I am slowly bringing back my foxgloves. I have some but this property used to have a full flowering bank of them. The foxgloves came from my partners side of the family. Her grandmother collected the seed in the yard of a daughter of hers in Portland, Oregon and foxgloves used to sprout everywhere. When they almost complete disapeared, my partner quit caring about the yard. I had been encouraging them and we had ended up with a nice, wide eight foot group of them against the fence on the south side. But we were going through a crazy period with no time and the lawn mower was on the blink so I hired a mower. He was to come and mow the yard when we were gone. I didn't think to instruct him to leave the foxgloves alone. They were well over three feet high and in full bloom. Mowers mow grass, not flowers in full bloom, right? Wrong!!! This man wanted my business and he wanted to be through. He cut those foxgloves back to the roots, utterly destroyed them. Only a bare few showed up the next year. I had paid him in advance so there was nothing I could do. He did attempt to talk to me but I ignored him. Someone so stupid that I have to tell him to leave a three foot high stand of blooming flowers alone is not worth one syllable of my time. I learned the hard way that no mower is over to be on this property unless I am there. Mowers are not gardeners. Anyway, once we did not have foxgloves, or no more than a few, my partner seemed blind to what else was growing.
I did have some foxgloves left and I began trying to bring them back. But there were very few and they did not seem as vigorous. Maybe they needed a larger amount to polinate each other adequately. Plus I had also gotten into nasturitams and I planted a few too many of those. Nasturtiams are rapacious about space. They spread wide and they smother other plants under their leaves. They killed over half of the foxgloves that were left by smothering them. Remember foxgloves are a biennial and take two years to grow. The second year they are giants and can usually take care of themselves-sans mowers-but the first year they have to be babied. Or they do now in my backyard. When there were hundreds of them, even the first year foxgloves were hardier .
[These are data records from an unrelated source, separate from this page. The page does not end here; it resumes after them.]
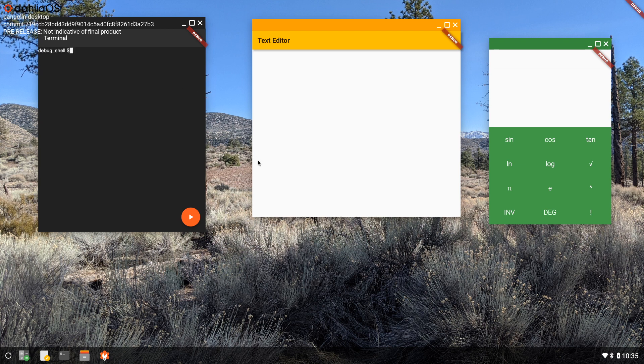In upcoming builds, we hope to finish the new launcher, finalize the design, and implement some of our concept designs.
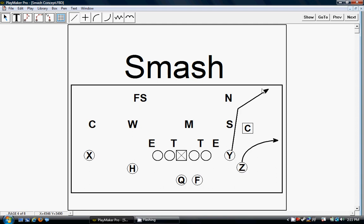Y runs the corner route behind the corner, and the corner has to decide which one he's going to cover, if he's going to cover the low or the high. So this is the only play we have out of this smash concept to this side, to the Y and the Z.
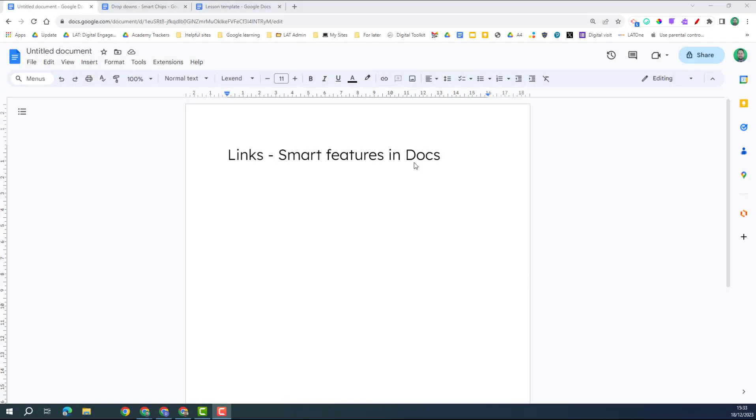Welcome to this video on smart links in Google Docs. This is part of a wider series on the app menu features in Google Docs, so make sure you check out the other videos too. Here we're going to be looking at how you can tidy up your document and make it more easy to navigate using these features.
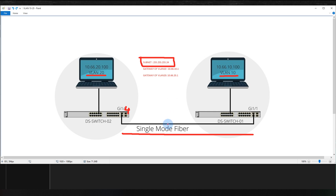Remember, this is for Cisco switches. You can apply this on any switch, but the commands I'm using here will vary on different types of switches such as Juniper or Aruba — the commands won't be the same, but the philosophy is the same. Let's go back to the switches and see how we can configure the trunk ports so VLAN 20 can reach VLAN 10 and vice versa.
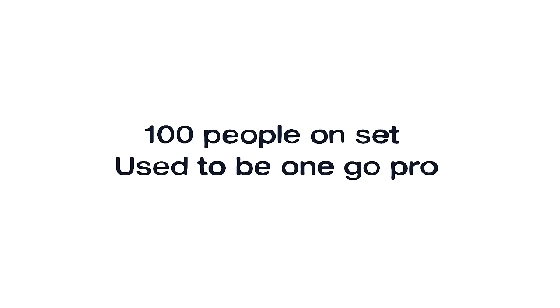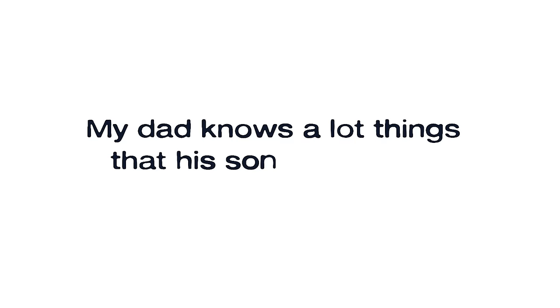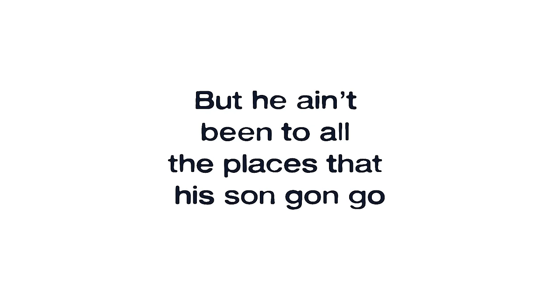A hundred people on set, used to be one GoPro. My dad knows a lot of things that his son don't know, but he ain't been to all the places that his son gon' go.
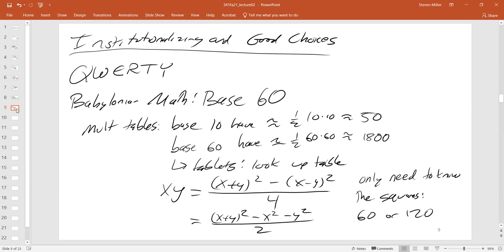The point of all of this is to really think before you start doing calculations, especially if something will be done many times. If it's only done once or twice it doesn't matter much, but if it's repeated, really think about it. QWERTY was a good decision at the time — it solved the problem — but just because something worked in the past doesn't mean it's the right thing now. Constantly revisit your choices. That's where we'll stop for today.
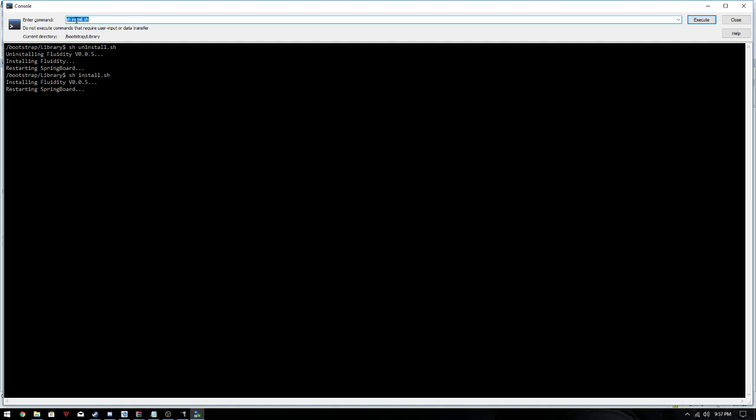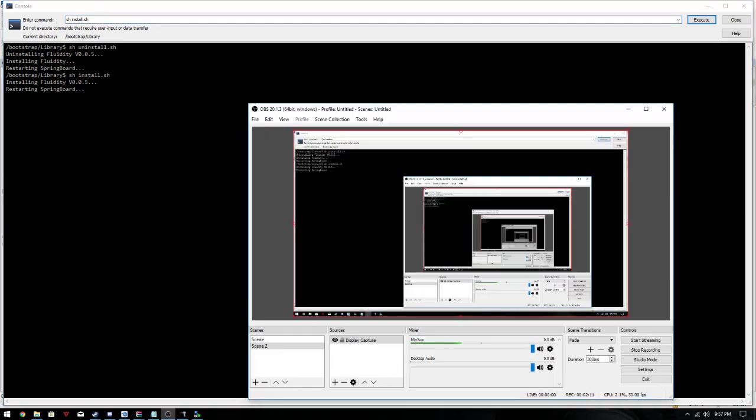And from there, you're just gonna go to your settings and then enable Fluidity, and it should be working. So yeah, hope this helped.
I was sentimental about that old strain but I have begun buying other foxgloves seeds. I have Pam's Choice from Thompson and Morgan, a two foot high plant with wide pink blossoms that point upwards and it is doing well. I bough ta "sunset " strain of foxgloves from The Nature Company in town. These are mild orange and yellow and seem to spread, not rise up in spires.I am going to Offut Lake outside of Olympia, Washington in late July for a family reunuion. I will gather wild foxglove seeds there. The ones from Portland decades ago were originally hand gathered in the northwest. Foxgloves seems to be the key to this yard. The more foxgloves I have on it, the less wild ideas my partner gets about destroying this yard-in the cause of rebuilding it. The more foxgloves we have, the more work gets done.